My interview with Hudson three years ago may have resulted in a mediocre article, but I came away from it knowing one thing for certain: she cares about GDS—the school and the well-being of those inside of it—more than just about anything else. As I spoke with similarly tenured faculty members, they frequently confirmed my suspicions.
“Kathy lives and breathes this place,” Athletic Trainer Veronica Ampey said. “She’s one of the first people here in the morning and one of the last to leave.”
Ampey began working at GDS in 1997, during Hudson’s second year as athletic director, and has stayed on with her since as the second full-time member of the athletics department.
“She was very energetic and passionate about what she did,” Ampey said of her first impressions of Hudson.
Science teacher and former principal CA Pilling, who was a part-time lacrosse coach the year Hudson arrived at GDS, added that Hudson was and remains driven, decisive and incredibly organized.
“She put in decades, decades of hours beyond a 40-hour work week,” Pilling said, being sure to emphasize that “the quality of those hours was exceptional.”
Hudson came to GDS during a transformative time for the athletics program: men’s teams still played in the PVAC, there was no crew, swimming, or indoor track, the women’s lacrosse team was only a few years old and there were only three girls on the cross country team. In just a few short years she spearheaded the movement of the men’s teams to the more competitive MAC, as well as the creation of several new varsity teams.
“[Hudson] oversaw the taking-off of the crew team,” Pilling said. “I’m not sure people understood how much work that took. It took an unbelievable amount of effort.”
Hudson downplayed her immediate contributions to the school. “You can’t come in guns ablazing, making all these changes,” she said.
She did, however, have some high praise for GDS’s athletics overall.
“We have the best physical education program in the city for independent schools,” she said. “[Students] are getting Project Adventure, CPR, first aid, the health component–they’re getting all the tools necessary to lead that active, healthy lifestyle.”

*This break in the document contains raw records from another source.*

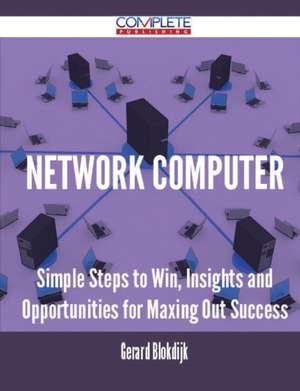 Network Computer - Simple Steps to Win, Insights and Opportunities for Maxing Out Success de Gerard Blokdijk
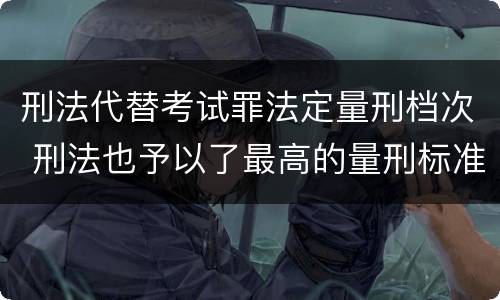 刑法代替考试罪法定量刑档次 刑法也予以了最高的量刑标准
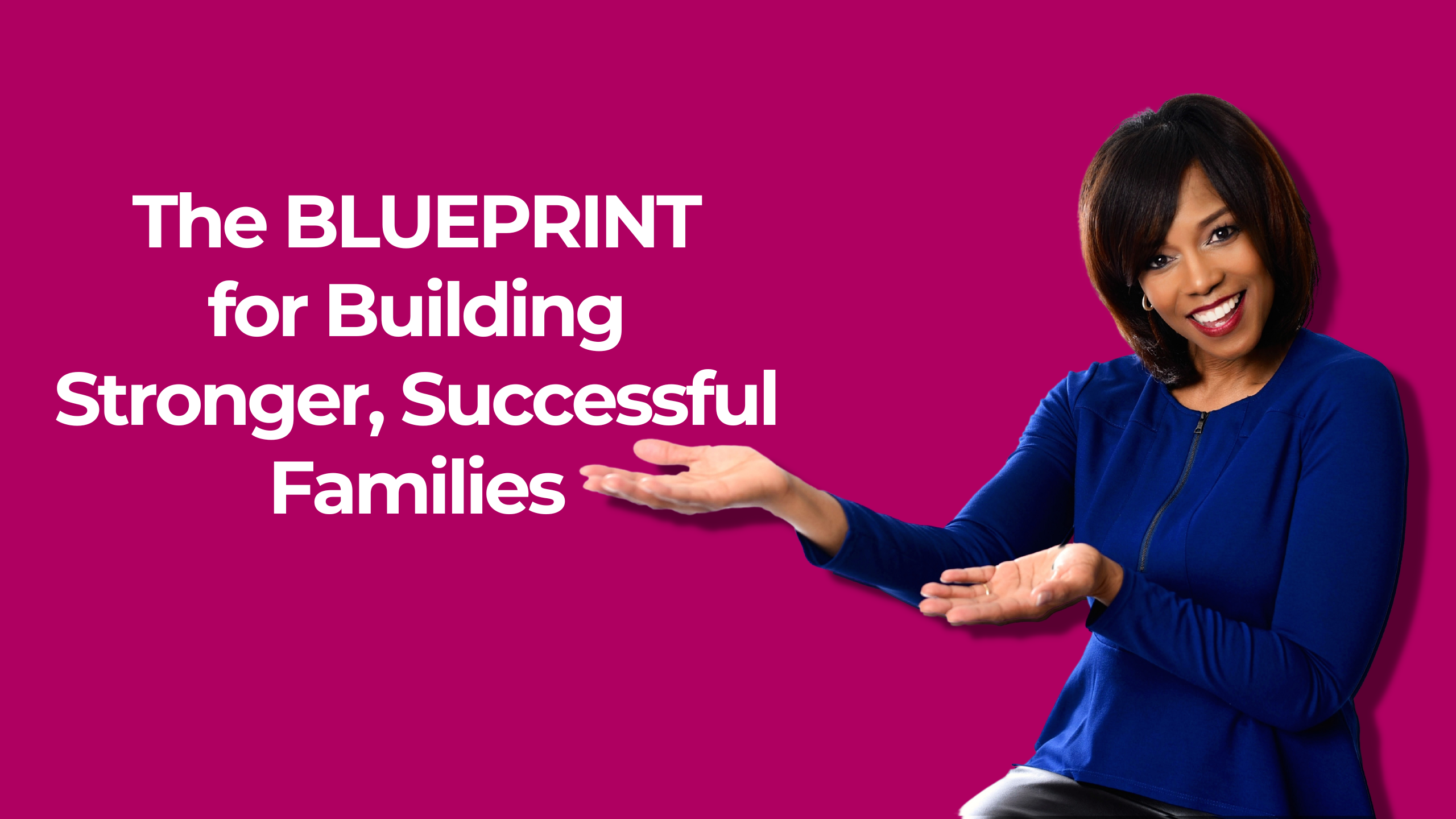 The Blueprint for Building Stronger, Successful Families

Hudson knew she wanted to be a P.E. teacher starting in her own high school years. Although the athletic director position enables her to make important changes as she sees fit, her real passion lies with the students.
“This job is not about me,” she said. “I wouldn’t trade it for all the money in the world. To be able to work with young adults and colleagues here at GDS—it’s not like work.”
Hudson also described hiring GDS alumni to work in the athletics department as one of her greatest joys, noting that seeing alumni come back with the same passion for education she has always had validates all the hard work.
“I hope that the kids get as much out of it as we do as coaches and teachers,” she said.
Over the course of her career, Hudson has epitomized the role of the unflinching leader.
“[Hudson] brought with her a new structure,” Pilling said. “When she ordered a bus, it was there. Much like the school has more rules now, [Hudson] brought accountability for everything.”
Hudson particularly emphasized the school’s commitment to academics before athletic prowess.
“Academically you have to be able to do the work, and that’s one of the things we have never sacrificed in admissions,” she said. “Athletics is not just about wins and losses. It’s about all of the values that you can take on and use later in life.”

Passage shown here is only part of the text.